Lecture 5.5
Decision Theory
Minimizing expected loss: asymmetric costs, the confusion matrix, and why optimal Bayes classifiers minimize total expected risk.
- Read a confusion matrix and identify correct classifications versus misclassifications.
- Derive the optimal decision rule that minimizes the misclassification rate.
- Show that the optimal rule selects the class with the highest posterior probability $p(C_k \mid \mathbf{x})$.
- Generalize to asymmetric loss via the loss matrix and expected loss minimization.
1. Measuring Classifier Performance: The Confusion Matrix
For a classifier with $K$ classes, the confusion matrix has entry $(k, j)$ equal to the number of times a point with true class $C_j$ was predicted as $C_k$. Diagonal entries are correct predictions; off-diagonal entries are misclassifications.
If the classifier predicts class $C_1$ for 47 points that actually belong to $C_1$ (diagonal: correct) but predicts $C_1$ for 5 points that actually belong to $C_2$ (off-diagonal: error), then the row for $C_1$ shows this split.

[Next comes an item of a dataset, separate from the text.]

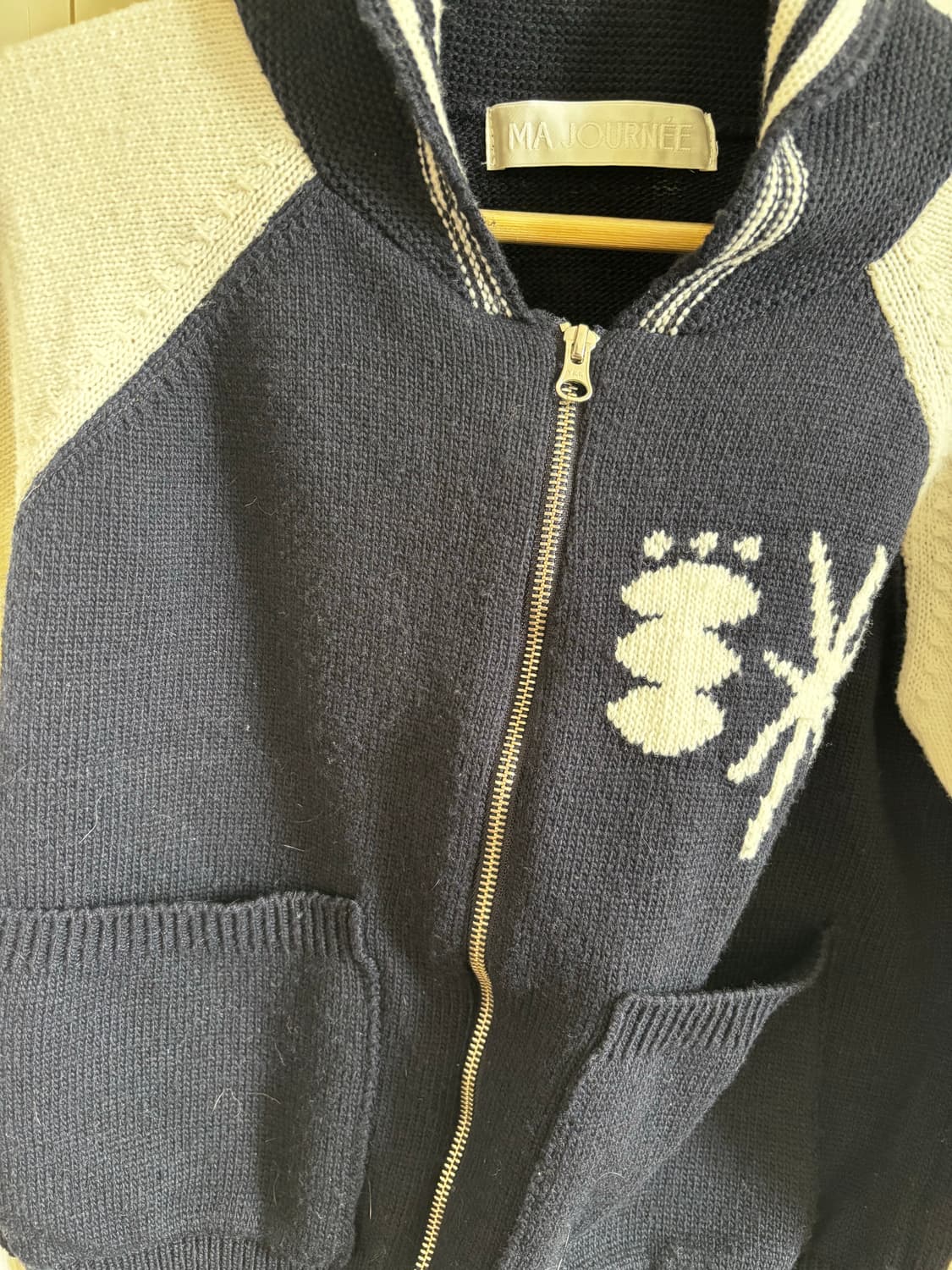 마조네 니트가디건 판매합니다 상품이미지2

Minimizing total misclassification rate means minimizing the sum of all off-diagonal entries.
2. Optimal Decision Rule: Maximum Posterior
Assume data $(\mathbf{x}, C_k)$ is drawn from a joint distribution $p(\mathbf{x}, C_k)$. The probability of a correct classification is
$$p(\text{correct}) = \sum_{k=1}^{K} p(\mathbf{x} \in \mathcal{R}_k,\, C_k) = \sum_{k=1}^{K} \int_{\mathcal{R}_k} p(\mathbf{x}, C_k)\, d\mathbf{x}.$$This is maximized by assigning each $\mathbf{x}$ to the class $C_k$ for which $p(\mathbf{x}, C_k)$ is largest. Since $p(\mathbf{x}, C_k) = p(C_k \mid \mathbf{x})\, p(\mathbf{x})$ and $p(\mathbf{x})$ does not depend on $k$:
Assign input $\mathbf{x}$ to the class with the highest posterior probability:
$$\hat{k} = \arg\max_k\, p(C_k \mid \mathbf{x}).$$This minimizes the misclassification rate. Overlapping class-conditional distributions guarantee some irreducible error; the Bayes classifier achieves the minimum possible error rate (the Bayes error rate).
In the binary 1D case, the decision boundary $\hat{x}$ is where $p(C_1 \mid x) = p(C_2 \mid x)$, or equivalently where $p(x, C_1) = p(x, C_2)$. Moving the boundary to this point minimizes the overlap error; the irreducible error remains due to the overlap between the two class-conditional densities.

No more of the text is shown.